Muğla’nın Yatağan ilçesinde bulunan ve Pagan inanışının merkezi kabul edilen 3 bin yıllık Lagina Hekate Kutsal Alanı’nda yürütülen çalışmalarda, yapılar basamaklı olarak ayağa kaldırılarak turizme kazandırılıyor.
Hafriyat Lideri Prof. Dr. Bilal Söğüt, AA muhabirine yaptığı açıklamada, Lagina’nın, yaklaşık 8,5 kilometre uzağındaki Stratonikeia Antik Kenti’nin dini merkezi olduğunu söyledi.
Antik periyodun kıymetli tanrıçalarından Hekate ismine yapılan tapınağın Lagina’da olmasının kutsal alanı daha da kıymetli kıldığını vurgulayan Söğüt, tanrıça Hekate ismine yapılan daha büyük bir kutsal alanın bulunmadığına dikkati çekti.

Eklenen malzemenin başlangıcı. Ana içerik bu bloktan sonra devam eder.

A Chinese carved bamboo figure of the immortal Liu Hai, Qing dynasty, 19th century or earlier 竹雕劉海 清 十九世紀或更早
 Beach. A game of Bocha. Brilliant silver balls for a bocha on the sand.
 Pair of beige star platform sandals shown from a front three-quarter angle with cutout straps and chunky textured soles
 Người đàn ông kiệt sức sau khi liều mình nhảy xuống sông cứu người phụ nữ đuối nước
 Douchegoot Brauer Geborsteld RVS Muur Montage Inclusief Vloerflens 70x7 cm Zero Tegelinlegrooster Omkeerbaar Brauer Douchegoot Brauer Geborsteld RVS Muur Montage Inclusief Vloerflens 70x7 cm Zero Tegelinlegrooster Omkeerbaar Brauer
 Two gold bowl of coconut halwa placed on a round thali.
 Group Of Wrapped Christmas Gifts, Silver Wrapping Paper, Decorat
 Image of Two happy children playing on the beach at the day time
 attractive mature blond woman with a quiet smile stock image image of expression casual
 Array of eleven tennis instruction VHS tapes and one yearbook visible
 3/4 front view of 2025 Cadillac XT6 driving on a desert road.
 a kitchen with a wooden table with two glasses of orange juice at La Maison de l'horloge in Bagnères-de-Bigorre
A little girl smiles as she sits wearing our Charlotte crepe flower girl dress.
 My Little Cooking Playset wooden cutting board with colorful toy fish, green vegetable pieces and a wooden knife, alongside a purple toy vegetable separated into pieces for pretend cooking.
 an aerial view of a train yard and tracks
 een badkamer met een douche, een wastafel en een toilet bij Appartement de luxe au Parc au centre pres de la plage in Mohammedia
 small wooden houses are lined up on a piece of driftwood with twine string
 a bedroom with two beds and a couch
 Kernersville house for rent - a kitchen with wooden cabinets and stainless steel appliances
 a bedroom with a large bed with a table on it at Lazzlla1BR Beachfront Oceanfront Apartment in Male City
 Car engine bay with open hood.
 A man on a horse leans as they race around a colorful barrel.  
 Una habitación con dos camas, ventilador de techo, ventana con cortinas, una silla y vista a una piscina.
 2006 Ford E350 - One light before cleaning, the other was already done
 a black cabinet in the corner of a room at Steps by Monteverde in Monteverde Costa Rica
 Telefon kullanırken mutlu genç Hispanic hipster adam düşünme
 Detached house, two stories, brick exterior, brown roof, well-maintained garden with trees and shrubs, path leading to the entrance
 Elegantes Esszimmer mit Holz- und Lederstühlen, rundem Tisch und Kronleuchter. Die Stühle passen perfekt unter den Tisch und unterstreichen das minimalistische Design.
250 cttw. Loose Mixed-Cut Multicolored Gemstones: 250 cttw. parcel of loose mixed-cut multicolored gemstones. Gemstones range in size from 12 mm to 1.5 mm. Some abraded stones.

Bu yıl Lagina’da hafriyat ve onarım çalışmalarına yük verdiklerine işaret eden Söğüt, “Lagina’da Kutsal Alan’da yürüttüğümüz hafriyat çalışmalarına ek olarak yazıtlardan bildiğimiz yapılar da var. Burada giriş kapıları, altar, stoa, çeşme ve meskenlerin bulunduğunu biliyoruz. Propylonun önündeki alanda materyallerin ağır olarak çıktığı bir alanı kazıyoruz. Birebir vakitte burada Propylonun mimari blokları ile ilgili onarım çalışmaları da gerçekleştiriyoruz. Osman Hamdi Beyefendi‘in İstanbul’a götürdüğü yapıtların devamını buluyoruz.” diye konuştu.
Söğüt, alanda çıkarılan antik devrin en kıymetli yazıtlarıyla mimari bloklarını muhafaza altına aldıklarını söz etti.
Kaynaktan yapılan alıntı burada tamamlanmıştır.